Constructed between January 1988 to August 1992 at a cost of $560 million, it has a land tunnel length of 1.3 kilometres (900 meters on North shore, 400 meters on South Shore) and a marine tunnel length of 1 kilometre At its lowest point, the tunnel is 27 meters below mean sea level. The tunnel consists of 8 reinforced concrete immersed tube units, each 120 meters long and weighing 23,000 tonnes. Each unit was prefabricated in Port Kembla, towed to Sydney, floated into position, sunk to rest on the harbour bed, emptied of water, sealed and then locked to its adjoining sections.
The underwater sections of the tunnel were connected in March 1991. The first official crossing was made by the Governor of NSW, Rear-Admiral Sinclair and 17 year old apprentice carpenter Charles Nott on 31st March 1991. It was opened to road traffic in August 1992.

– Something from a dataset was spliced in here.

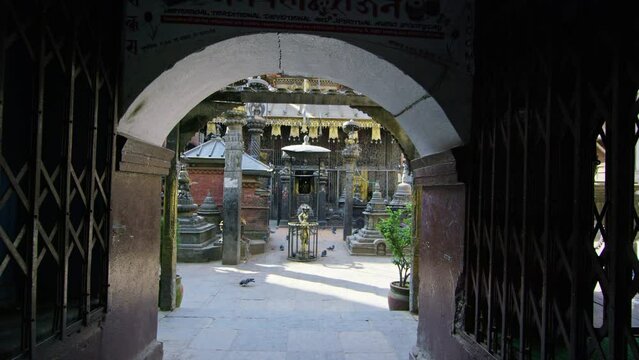 Camera flying through doorway revealing Buddhist temple. Machendra Nath temple, Jana Baha Katmandu Nepal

The four lane tunnel has a traffic capacity of 2,000 vehicles per hour. Traffic is monitored by loop detectors every 120 metres and employs more than 30 closed circuit cameras. It is lit by 8,000 fluorescent tubes. Ventilation is by 14 supply and 16 exhaust fans, each one reversible and up to 2.5 metres in diameter.
2005 - Cross City Tunnel
A 2.1 km-long tunnel that links Darling Harbour on the Western fringe of the central business district to Rushcutters Bay in the Eastern Suburbs. The tunnel is actually two distinct tunnels and they largely follow a route underneath William Street and Park or Bathurst Streets, depending on whether it is eastbound or westbound. A privately-financed and built tollway that has been dogged by controversy, it is somewhat of an unloved white elephant, having never carried the volume of traffic anticipated (projected 90,000 vehicles per day; actual 33,000 vehicles per day) nor relieved traffic conjection in the city centre, the purpose for which it was built.